As shown in FIG. 4, an electrode may include at least 2 kinds of conductive materials and a dopant having a work function of at least 5.0 eV. For the purpose of providing a high transmittance to an electrode, a nano-sized carbon allotrope or metal nanowire, and a conductive polymer may be used along with the carbon allotrope or metal nanowire. A conductive polymer is used to match a work function and secure surface emission and surface roughness characteristics. In addition, the electrode may further contain a polymer resin, and a polymer resin is used for bonding of conductive materials and a binder resin may be used as the polymer resin.

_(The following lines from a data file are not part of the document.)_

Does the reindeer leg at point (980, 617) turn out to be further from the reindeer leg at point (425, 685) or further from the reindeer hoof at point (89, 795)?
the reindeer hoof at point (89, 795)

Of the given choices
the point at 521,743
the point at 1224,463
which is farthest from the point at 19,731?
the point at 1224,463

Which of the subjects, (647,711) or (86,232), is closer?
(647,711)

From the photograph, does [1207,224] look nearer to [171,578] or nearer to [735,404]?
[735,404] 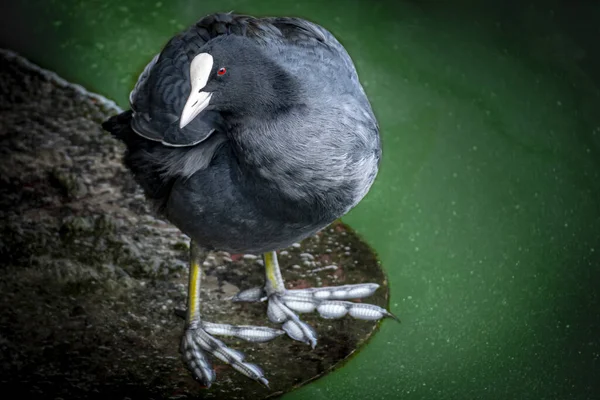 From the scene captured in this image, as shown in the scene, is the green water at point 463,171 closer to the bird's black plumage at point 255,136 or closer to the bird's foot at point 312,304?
the bird's foot at point 312,304

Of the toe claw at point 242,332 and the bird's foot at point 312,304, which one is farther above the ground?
the bird's foot at point 312,304

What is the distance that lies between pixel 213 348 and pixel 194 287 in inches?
8.5

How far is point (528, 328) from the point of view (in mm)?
3049

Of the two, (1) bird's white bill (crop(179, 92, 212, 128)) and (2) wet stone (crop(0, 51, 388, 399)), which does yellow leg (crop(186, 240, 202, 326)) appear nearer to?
(2) wet stone (crop(0, 51, 388, 399))

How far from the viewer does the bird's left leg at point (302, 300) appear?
118 inches

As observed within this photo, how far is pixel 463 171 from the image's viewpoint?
3.60m

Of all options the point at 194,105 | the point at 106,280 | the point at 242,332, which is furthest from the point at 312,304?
the point at 194,105

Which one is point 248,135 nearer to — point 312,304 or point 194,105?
point 194,105

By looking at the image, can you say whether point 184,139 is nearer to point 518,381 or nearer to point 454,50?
point 518,381

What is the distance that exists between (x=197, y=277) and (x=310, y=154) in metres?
0.81

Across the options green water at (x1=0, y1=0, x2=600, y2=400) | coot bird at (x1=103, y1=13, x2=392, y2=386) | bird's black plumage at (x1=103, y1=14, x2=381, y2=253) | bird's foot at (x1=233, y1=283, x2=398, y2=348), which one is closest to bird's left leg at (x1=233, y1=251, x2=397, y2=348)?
bird's foot at (x1=233, y1=283, x2=398, y2=348)

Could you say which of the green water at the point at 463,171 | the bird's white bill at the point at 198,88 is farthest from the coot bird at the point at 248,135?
the green water at the point at 463,171

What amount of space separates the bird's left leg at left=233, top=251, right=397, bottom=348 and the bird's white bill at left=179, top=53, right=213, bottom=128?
0.95 m

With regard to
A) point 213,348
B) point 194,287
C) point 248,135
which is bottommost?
point 213,348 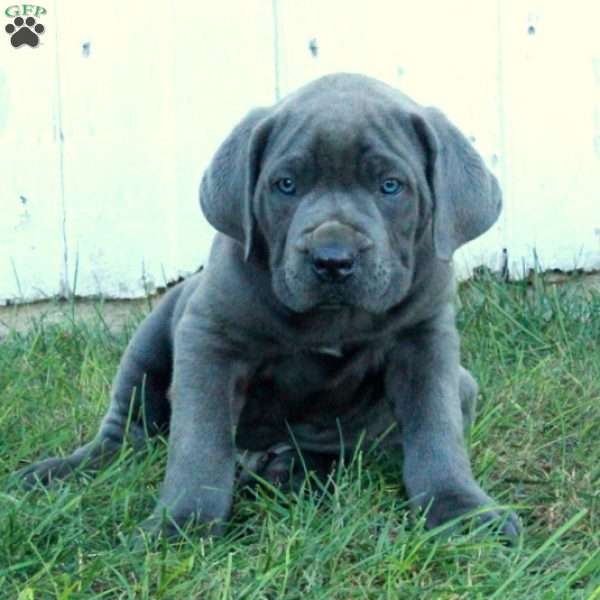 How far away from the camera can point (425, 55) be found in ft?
18.1

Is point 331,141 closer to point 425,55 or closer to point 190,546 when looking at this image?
point 190,546

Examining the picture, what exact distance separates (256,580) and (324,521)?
1.33 ft

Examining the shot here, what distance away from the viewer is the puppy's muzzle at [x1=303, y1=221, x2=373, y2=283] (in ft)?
11.4

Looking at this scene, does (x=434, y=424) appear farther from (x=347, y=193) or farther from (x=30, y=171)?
(x=30, y=171)

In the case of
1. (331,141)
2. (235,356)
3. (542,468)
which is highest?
(331,141)

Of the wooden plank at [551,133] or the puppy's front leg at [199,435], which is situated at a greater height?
the wooden plank at [551,133]

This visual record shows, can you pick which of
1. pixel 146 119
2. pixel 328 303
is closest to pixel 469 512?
pixel 328 303

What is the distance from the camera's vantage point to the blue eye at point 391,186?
362 centimetres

Additionally, the work function of the electrode can be increased by including a dopant having a work function of at least 5.0 eV.

The above-described electrode of the present invention can be used in a liquid crystal display device, an organic light emitting display device, and as a first electrode of an organic light emitting device.

Application Example

FIG. 5 is a cross-sectional view showing an organic light emitting device according to a first exemplary embodiment of the present invention; FIG. 6 is a cross-sectional view showing an organic light emitting display device according to a second exemplary embodiment of the present invention; FIG. 7 is a cross-sectional view showing an organic light emitting display device according to a third exemplary embodiment of the present invention; and FIG. 8 is a cross-sectional view showing a liquid crystal display device according to a fourth exemplary embodiment of the present invention.

Referring to FIG. 5, the organic light emitting device according to the first exemplary embodiment of the present invention has a first electrode (ANO) disposed on a substrate (SUB1), and a hole transport layer (HTL), an emission layer (LEL), an electron transport layer (ETL), an electron injection layer (EIL), and a second electrode (CAT) are disposed on the first electrode. The organic light emitting device of the present invention may apply the above-described electrode to the first electrode (ANO) of the organic light emitting device. Since the electrode of the present invention has a high work function of at least 4.8 eV and may thus be used as the first electrode of the organic light emitting device. In particular, as described above, an electrode may be used as a reflective electrode by adding a high reflectance characteristic to the electrode by varying the composition of the electrode, or as a transparent electrode by adding a high transmittance characteristic to the electrode.

Additionally, when the electrode according to the present invention is used as a first electrode as in the first exemplary embodiment, it makes the hole injection easy, thus not requiring a separate hole injection layer (HIL). Accordingly, the hole injection layer (HIL) may be omitted and the hole transport layer (HTL) may be formed on the first electrode thereby making the first electrode come in contact with the hole transport layer (HTL).

Meanwhile, referring to FIG. 6, the organic light emitting display device according to the second exemplary embodiment of the present invention may include the organic light emitting device of FIG. 5.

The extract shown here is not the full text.